> About this task
From the data underneath, reproduce exactly the stretch that begins at the line with "Sophie – Lange" and ends after the line with "Prompt: a slender".

> Data for the task
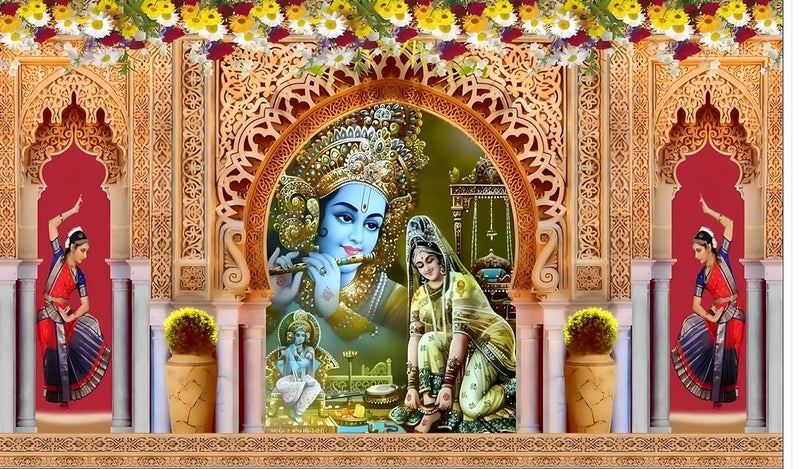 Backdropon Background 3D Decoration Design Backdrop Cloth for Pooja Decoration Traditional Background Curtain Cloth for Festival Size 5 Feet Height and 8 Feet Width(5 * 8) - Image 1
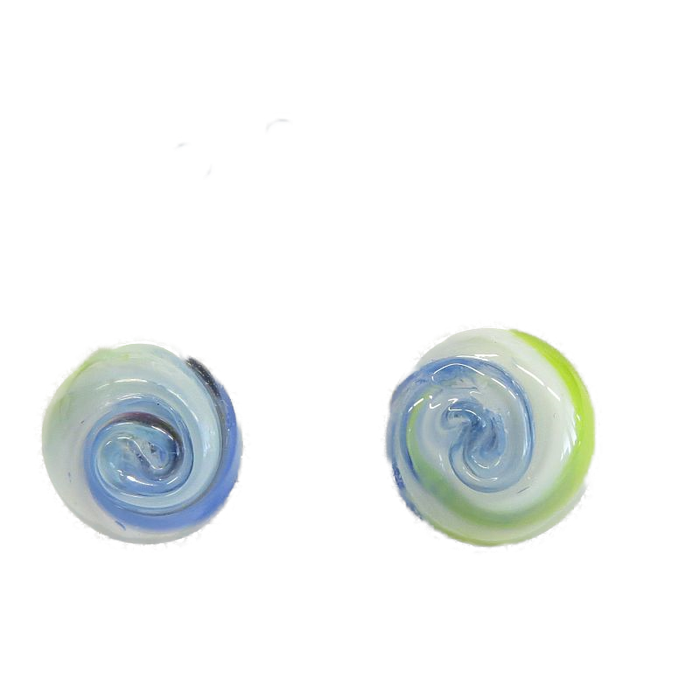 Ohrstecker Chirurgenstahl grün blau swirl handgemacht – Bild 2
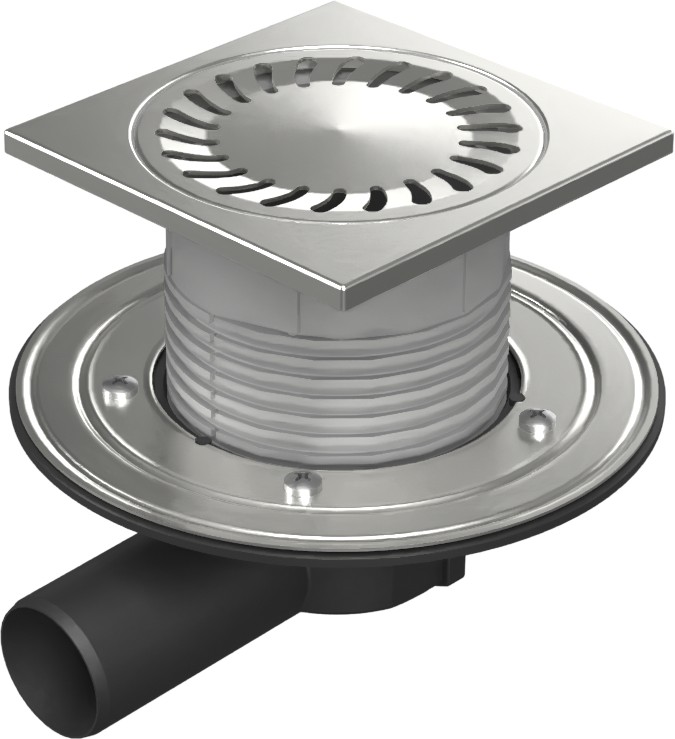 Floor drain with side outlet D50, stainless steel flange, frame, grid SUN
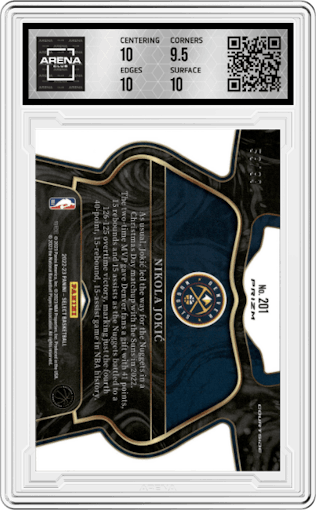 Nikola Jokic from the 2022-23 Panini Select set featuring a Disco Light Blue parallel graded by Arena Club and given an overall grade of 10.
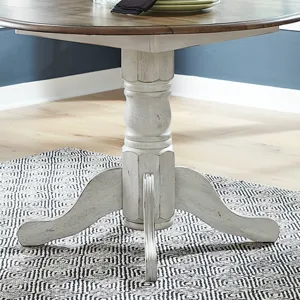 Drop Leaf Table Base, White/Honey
==
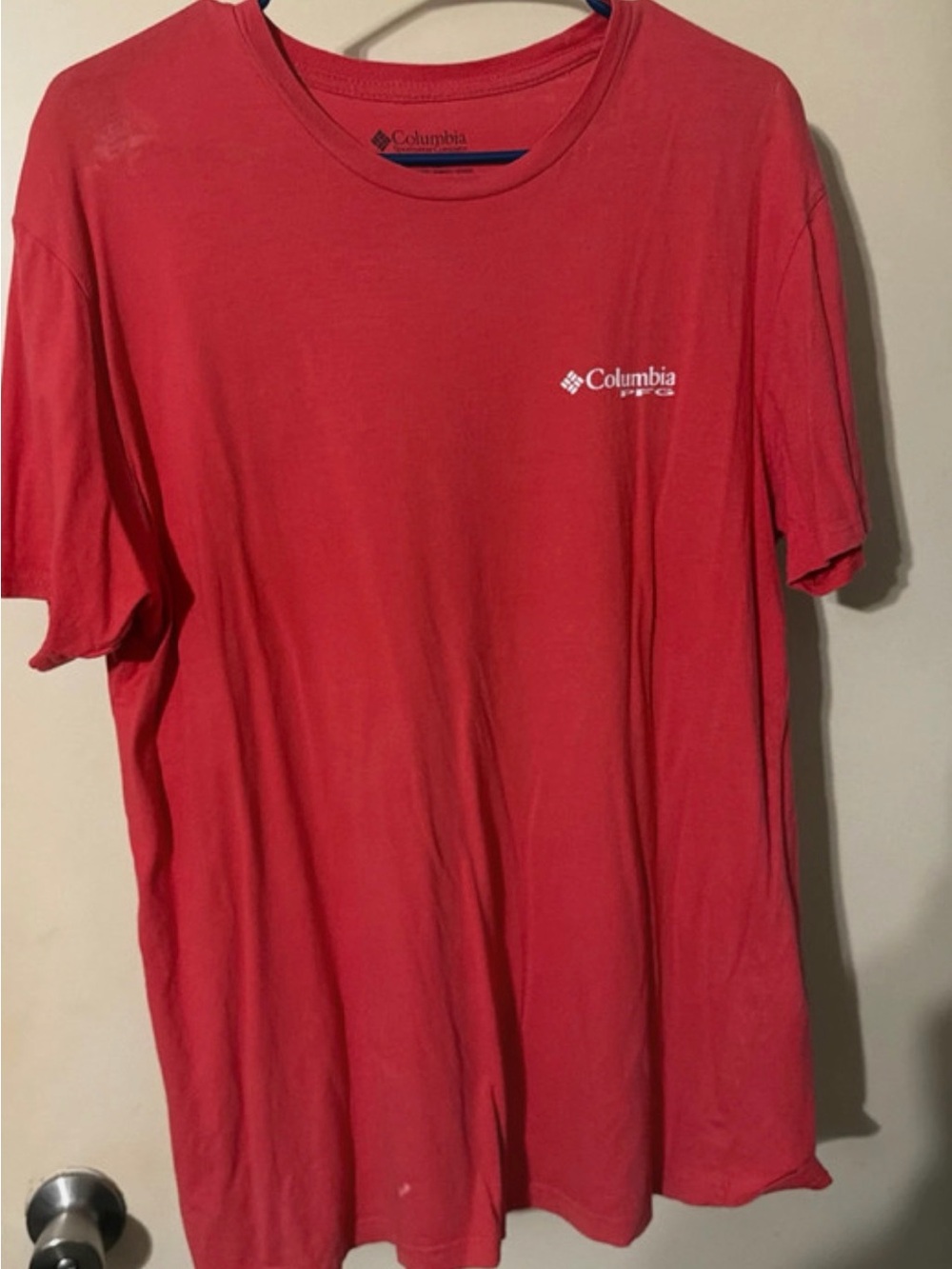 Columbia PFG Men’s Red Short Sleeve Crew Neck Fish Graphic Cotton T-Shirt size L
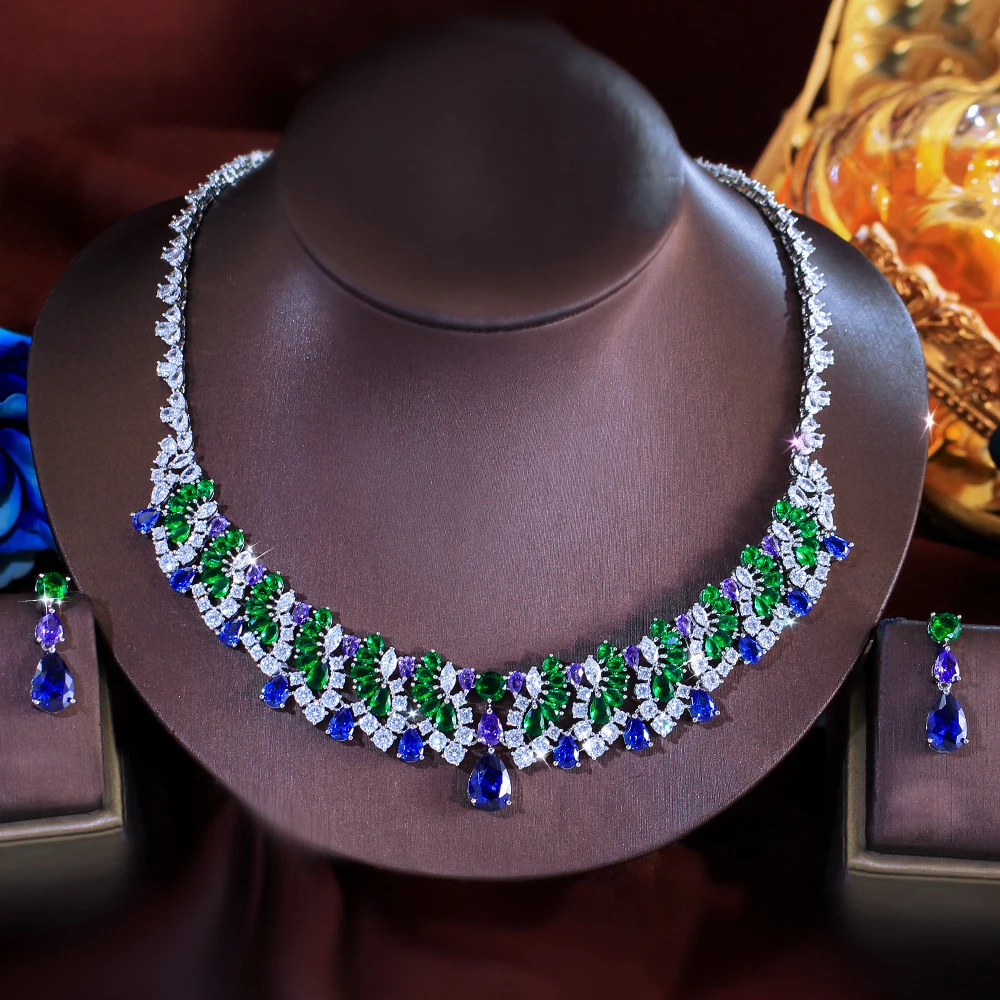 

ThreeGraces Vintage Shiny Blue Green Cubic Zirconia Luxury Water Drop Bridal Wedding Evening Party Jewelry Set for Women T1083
---
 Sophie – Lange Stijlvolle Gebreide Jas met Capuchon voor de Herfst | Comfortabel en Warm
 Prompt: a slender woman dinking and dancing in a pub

> Task result
 Sophie – Lange Stijlvolle Gebreide Jas met Capuchon voor de Herfst | Comfortabel en Warm
 Prompt: a slender woman dinking and dancing in a pub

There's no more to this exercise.